Mastering Algorithms With C - Kyle Loudon [171]
Complexity
O (n), where n is the number of symbols in the original data.
Implementation and Analysis of LZ77
With LZ77, we try to compress data by encoding phrases from a look-ahead buffer as tokens referencing phrases in a sliding window. To uncompress the data, we decode each token into the phrase or symbol it represents. To do this, we must continually update the sliding window so that at any one time it looks the same as it did during the compression process. In the implementation presented here, a symbol in the original data is one byte.
lz77_compress
The lz77_compress operation (see Example 14.5) compresses data using LZ77. It begins by writing the number of symbols in the data to the buffer of compressed data and initializing the sliding window and look-ahead buffer. The look-ahead buffer is then loaded with symbols.
Compression takes place inside of a loop that iterates until there are no more symbols to process. We use ipos to keep track of the current byte being processed in the original data, and opos to keep track of the current bit we are writing to the buffer of compressed data. During each iteration of the loop, we call compare_win to determine the longest phrase in the look-ahead buffer that matches one in the sliding window. The compare_win function returns the length of the longest match.
When a match is found, compare_win sets offset to the position of the match in the sliding window and next to the symbol in the look-ahead buffer immediately after the match. In this case, we write a phrase token to the compressed data (see Figure 14.4a). Phrase tokens in the implementation presented here require 12 bits for offsets because the size of the sliding window is 4K (4096 bytes). Phrase tokens require 5 bits for lengths because no match will exceed the length of the look-ahead buffer, which is 32 bytes. If a match is not found, compare_win returns and sets next to the unmatched symbol at the start of the look-ahead buffer. In this case, we write a symbol token to the compressed data (see Figure 14.4b). Whether we write a phrase or symbol token to the compressed data, before actually writing the token, we call the network function htonl as a convenient way to ensure that the token is in big-endian format. This is the format required when we actually store the compressed data as well as when we uncompress it.
Figure 14.4. The structure of (a) a phrase token and (b) a symbol token in LZ77
Once we write the appropriate token to the buffer of compressed data, we adjust the sliding window and the look-ahead buffer. To move the data through the sliding window, we shift data in from the right side of the window and out the left. We do the same for the look-ahead buffer. The number of bytes we move is equal to the number of symbols we encode in the token.
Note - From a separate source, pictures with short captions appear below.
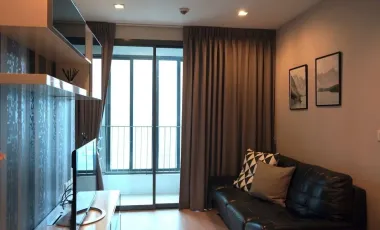 出租 2 卧室 公寓 在 Ratchathewi, 曼谷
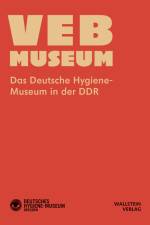 VEB Museum af Sandra Mühlenberend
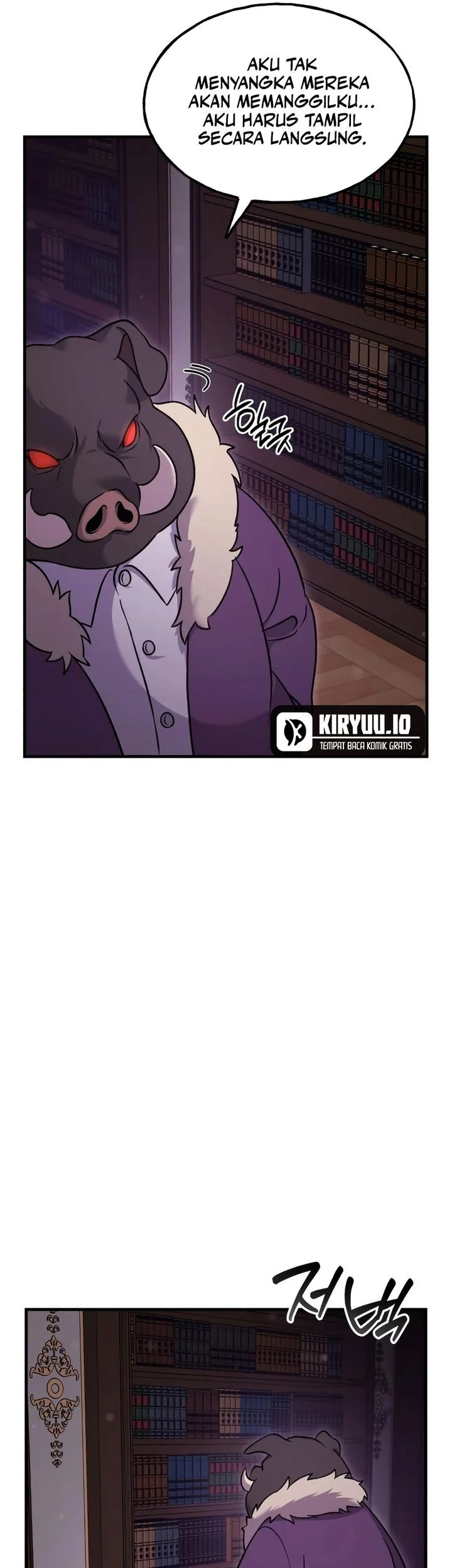 Chapter 105 - halaman 28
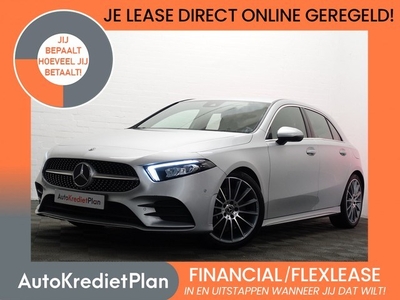 Mercedes-Benz A-Klasse 250 Premium AMG 225pk Ed Autom-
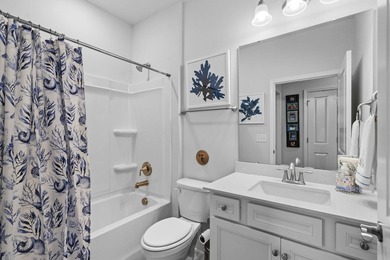 Del Webb at Grande Dunes, an active 55+ community in Myrtle - photo 30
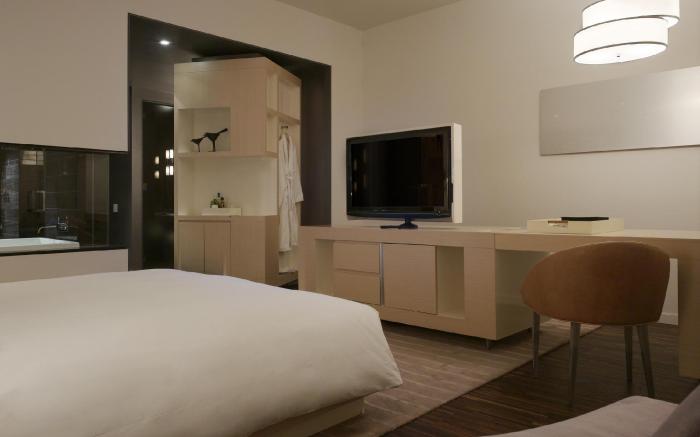 Hyatt Centric Wall Street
The runtime complexity of lz77_compress is O (n), where n is the number of symbols in the original data. This is because for each of the n/c tokens in which the data is encoded, where 1/c is a constant factor that represents how efficiently symbols are encoded in phrase tokens, we call compare_win once. The compare_win function runs in a constant amount of time because the size of the sliding window and look-ahead buffer are both constant. However, these constants are large and contribute significantly to the overall running time of lz77_compress. Thus, the runtime complexity of lz77_compress is O (n), but its actual running time is greatly affected by constant factors. This explains the generally slow performance of LZ77 when compressing data.
lz77_uncompress
The lz77_uncompress operation (see Figure 14.4) uncompresses data previously compressed with lz77_compress. It begins by reading the number of symbols in the compressed data and initializing the sliding window and look-ahead buffer.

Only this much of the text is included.